10 Mar, 2006

1 commit

  • Fix some bugs in mtd/jffs2 on 64bit platform.

    The MEMGETBADBLOCK/MEMSETBADBLOCK ioctl are not listed in compat_ioctl.h.

    And some variables in jffs2 are declared as uint32_t but used to hold
    size_t values.

    Signed-off-by: Atsushi Nemoto
    Cc: Thomas Gleixner
    Acked-by: David Woodhouse
    Signed-off-by: Andrew Morton
    Signed-off-by: Linus Torvalds

    Atsushi Nemoto
     

09 Mar, 2006

4 commits

  • I have benchmarked this on an x86_64 NUMA system and see no significant
    performance difference on kernbench. Tested on both x86_64 and powerpc.

    The way we do file struct accounting is not very suitable for batched
    freeing. For scalability reasons, file accounting was
    constructor/destructor based. This meant that nr_files was decremented
    only when the object was removed from the slab cache. This is susceptible
    to slab fragmentation. With RCU based file structure, consequent batched
    freeing and a test program like Serge's, we just speed this up and end up
    with a very fragmented slab -

    llm22:~ # cat /proc/sys/fs/file-nr
    587730 0 758844

    At the same time, I see only a 2000+ objects in filp cache. The following
    patch I fixes this problem.

    This patch changes the file counting by removing the filp_count_lock.
    Instead we use a separate percpu counter, nr_files, for now and all
    accesses to it are through get_nr_files() api. In the sysctl handler for
    nr_files, we populate files_stat.nr_files before returning to user.

    Counting files as an when they are created and destroyed (as opposed to
    inside slab) allows us to correctly count open files with RCU.
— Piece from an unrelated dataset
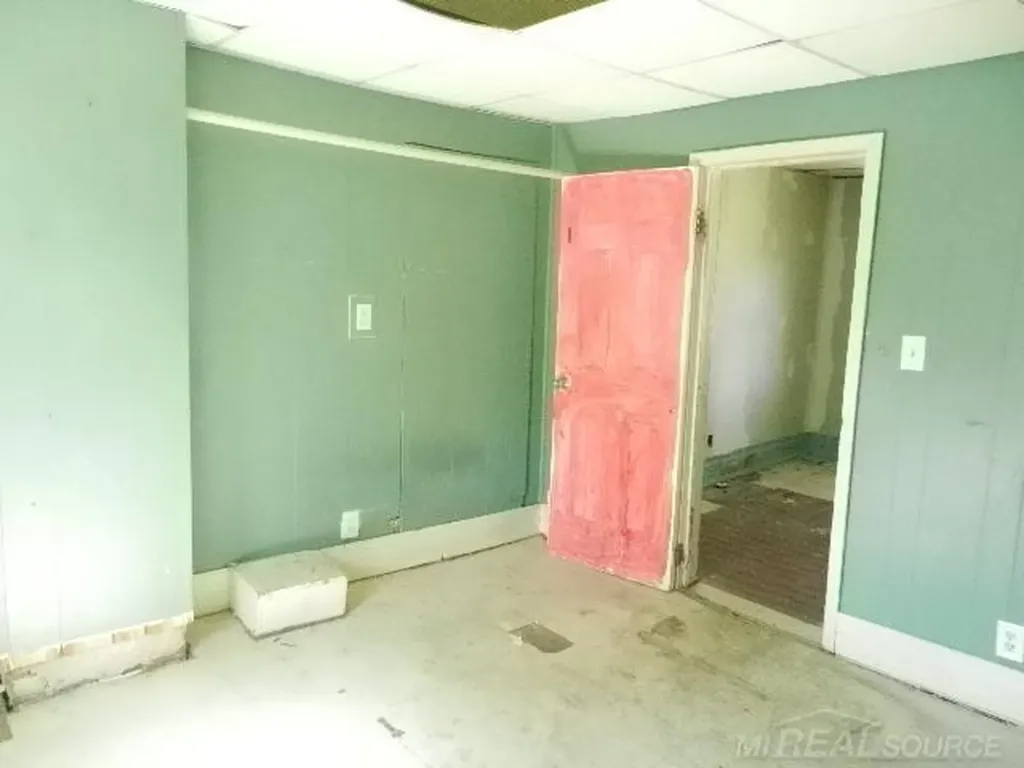 33 Parkview Avenue Mt. Clemens City MI 48043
    Signed-off-by: Dipankar Sarma
    Cc: "Paul E. McKenney"
    Cc: "David S. Miller"
    Signed-off-by: Andrew Morton
    Signed-off-by: Linus Torvalds

    Dipankar Sarma
     
  • This patch adds new tunables for RCU queue and finished batches. There are
    two types of controls - number of completed RCU updates invoked in a batch
    (blimit) and monitoring for high rate of incoming RCUs on a cpu (qhimark,
    qlowmark).

    By default, the per-cpu batch limit is set to a small value. If the input
    RCU rate exceeds the high watermark, we do two things - force quiescent
    state on all cpus and set the batch limit of the CPU to INTMAX. Setting
    batch limit to INTMAX forces all finished RCUs to be processed in one shot.
    If we have more than INTMAX RCUs queued up, then we have bigger problems
    anyway. Once the incoming queued RCUs fall below the low watermark, the
    batch limit is set to the default.

    Signed-off-by: Dipankar Sarma
    Cc: "Paul E. McKenney"
    Cc: "David S. Miller"
    Signed-off-by: Andrew Morton
    Signed-off-by: Linus Torvalds

    Dipankar Sarma
     
  • Implement percpu_counter_sum(). This is a more accurate but slower version of
    percpu_counter_read_positive().

    We need this for Alex's speedup-ext3_statfs patch and for the nr_file
    accounting fix. Otherwise these things would be too inaccurate on large CPU
    counts.

    Cc: Ravikiran G Thirumalai
    Cc: Alex Tomas
    Cc: "David S. Miller"
    Signed-off-by: Andrew Morton
    Signed-off-by: Linus Torvalds

    Andrew Morton
     
  • They aren't used (nor even really usable) outside of pipe.c anyway

    Signed-off-by: Linus Torvalds

    Linus Torvalds
     

07 Mar, 2006

4 commits

  • Systems with extemely large numbers of nodes or cpus need to kmalloc
    structures larger than is currently supported. This patch increases the
    maximum supported size for very large systems.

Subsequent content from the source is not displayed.